Dot product
Published:
The dot product is a fundamental operation on two Euclidean vectors that captures a notion of similarity between the vectors. In this post, we’ll define the dot product and offer a number of angles for which to intuit the idea captured by this fundamental operation.
Introduction
The dot product is a fundamental operation on two Euclidean vectors that captures a notion of similarity between the vectors. It is defined as follows:
Definition 1 (dot product): Given vectors $\boldsymbol{v}, \boldsymbol{u} \in \mathbb{R}^n$, the dot product between these vectors is defined as, $\boldsymbol{v} \cdot \boldsymbol{u} := \sum_{i=1}^n v_i u_i$
Despite the simplicity of its definition, the dot product can be understood from a number of different perspectives. Here are four perspectives I find useful for thinking about the dot products.

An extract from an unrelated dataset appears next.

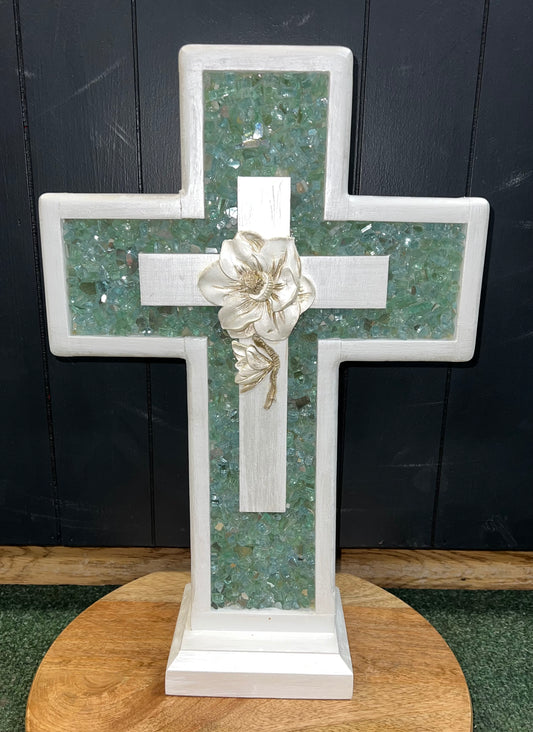 Handmade Wooden Cross- Large (Green w flowers)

Ordered from the least abstract to the most abstract, these perspectives are:
- The dot product succinctly describes a weighted sum
- The dot product describes a a geometric relationship between two Euclidean vectors
- The dot product is an analogy to multiplication between scalars (i.e., plain old multiplication between numbers)
- The dot describes a notion of similarity between two Euclidean vectors
These perspectives are described in the remaining sections of this post.
The dot product as a weighted sum
The least abstract way of viewing a dot product is as a weighted sum of variables. Lets say we have a vector of variables storing some kind of data $\boldsymbol{x}$. Let’s say we have a vector of weights $\boldsymbol{w}$ and we want to sum the variables in $\boldsymbol{x}$ where each element $x_i$ in $\boldsymbol{x}$ is multiplied by its weight $w_i$ in $\boldsymbol{w}$. This operation is stated succinctly as $\boldsymbol{w} \cdot \boldsymbol{x}$.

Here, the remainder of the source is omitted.